A l'évocation du nom, Harry relève brusquement la tête et son cœur se met à battre plus vite.
« V-vraiment ?!
- Que Ron chante ? Oui, il... »
Grand bien lui fasse, mais ce n'est pas cela qui l'intéresse. De toute façon, Harry ne l'écoute plus : les lumières ont baissé et la foule semble plus calme, le groupe vient d'entrer sur scène. La scène est géante, éclairée par des spots verts et bleus ; un écran géant montre la scène pour ceux qui sont trop éloignés. Le jeune homme brun se hisse sur la pointes des pieds, se mordant les lèvres et le cherche du regard. Son cœur rate maintenant un battement et il frissonne intérieurement en voyant le garçon aux cheveux blonds et habillé tout de noir.

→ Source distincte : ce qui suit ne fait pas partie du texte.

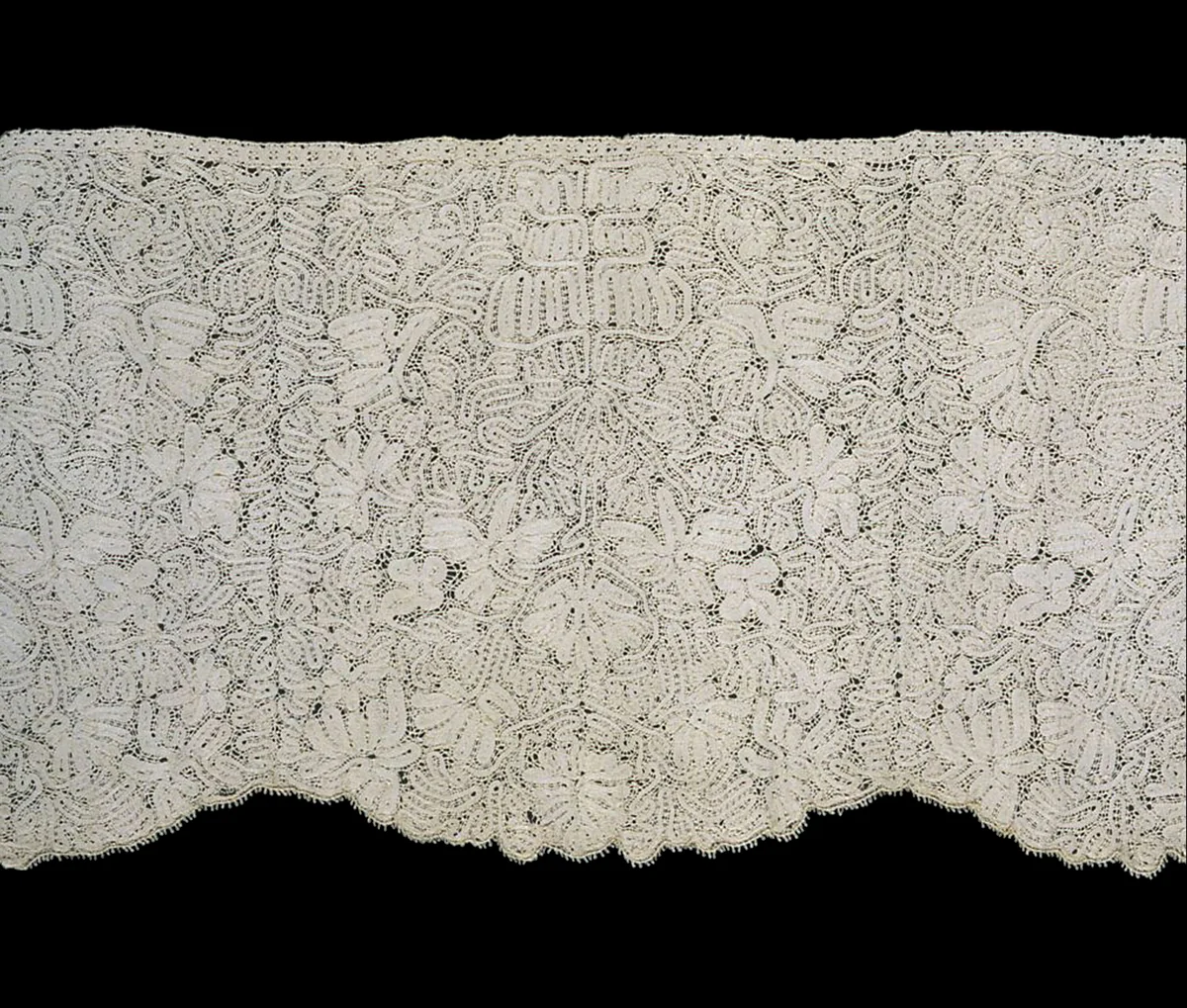 Flounce (Possibly Valance from a Bed) by Italy Aquila, textile, 1675-1750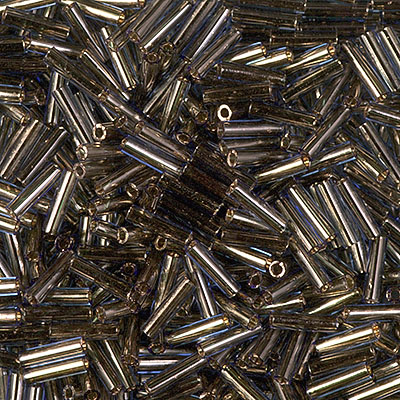 BGL2-954:  6mm Miyuki Bugle Bead 24kt Gold Lined Pale Montana 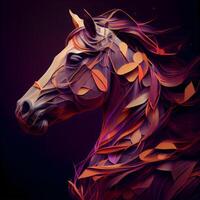 häst huvud med abstrakt färgrik bakgrund. illustration. eps 10, ai generativ bild foto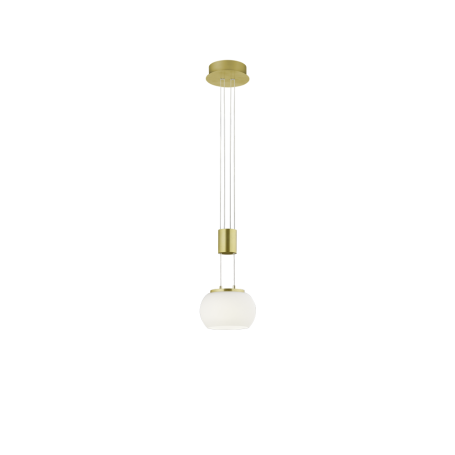 CANDEEIRO PENDENTE MADISON SMD 8W 3000K 900LM GLASS WHITE BRASS MAT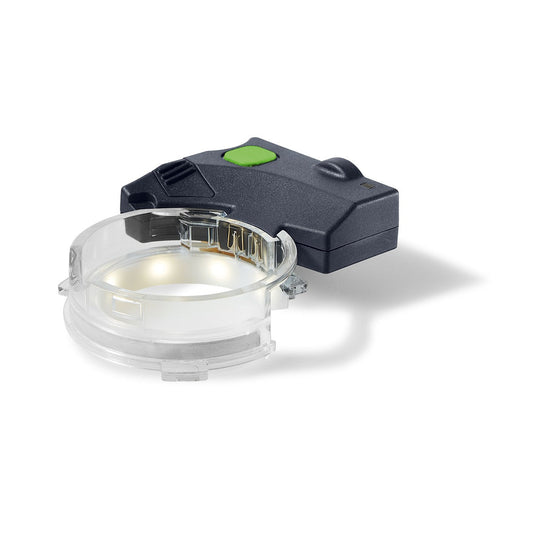 Festool Lichtmodul LM-OF 1010 R mit LED-Lichtring und abnehmbarer Akku-Einheit mit grünem Schalter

Un sentiment inconnu coule dans ses veines et l'électrise, un sourire niais apparaît sur son visage et Hermione lui lance un sourire discret, qu'il ne voit pas tout obnubilé par Draco. Le regard de ce dernier glisse sur les personnes présentes et vient accrocher celui de Harry, qui suffoque.
Le brun est ballotté par la foule mais il ne quitte pas des yeux le blond qui s'installe derrière sa batterie. Ensorcelé, il fend la foule, tentant de s'approcher plus de la scène et délaissant complètement Hermione. Il reconnaît les premiers accords de guitares au moment où la copine de Ron lui attrape la main.
« Ça serait mieux qu'on se perde pas. » chuchote t-elle à son oreille et Harry acquiesce distraitement ; Ron a attrapé plus fermement sa guitare et s'approche du micro :
Sweet dreams are made of this
Who am I to disagree?
I travel the world
And the seven seas,
Everybody's looking for something.
Some of them want to use you
Some of them want to get used by you
Some of them want to abuse you
Some of them want to be abused...
Harry ferme les yeux et se laisse porter par la voix grave de Ron, leur version est plus lente que celle de Marilyn Manson et le jeune homme a l'impression que son cœur chavire quand il entend la batterie. Les personnes autour de lui n'existent plus, le gars qui lui marche à moitié sur le pied et son odeur de transpiration non plus, il y a seulement Ron, sa voix grave et les coups sur la batterie ; son être frémit au rythme de la musique.
Draco semble concentré, ses yeux sont fermés et ses lèvres forment une ligne blanche tandis que ses cheveux sont hérissés sur sa tête, loin de leur ordre habituel. Le cœur de Harry chavire à nouveau en découvrant le blond si concentré, si attirant. Il a l'air inaccessible derrière sa batterie, il est empreint d'une aura qui semble mystique. Et chaque fois que ses baguettes touchent les toms ou les cymbales, Harry se sent vibrer de l'intérieur et l'aura magique de Draco Malfoy l'atteint par vague et le submerge. Le premier couplet recommence, la voix de Ron baisse petit à petit et explose sur le refrain, accompagné du batteur. La main de Harry tremble dans celle de Hermione, il se dit qu'il va mourir d'un orgasme auditif et qu'il ne pourra plus jamais écouter la chanson originale sans être déçu par son manque d'intensité.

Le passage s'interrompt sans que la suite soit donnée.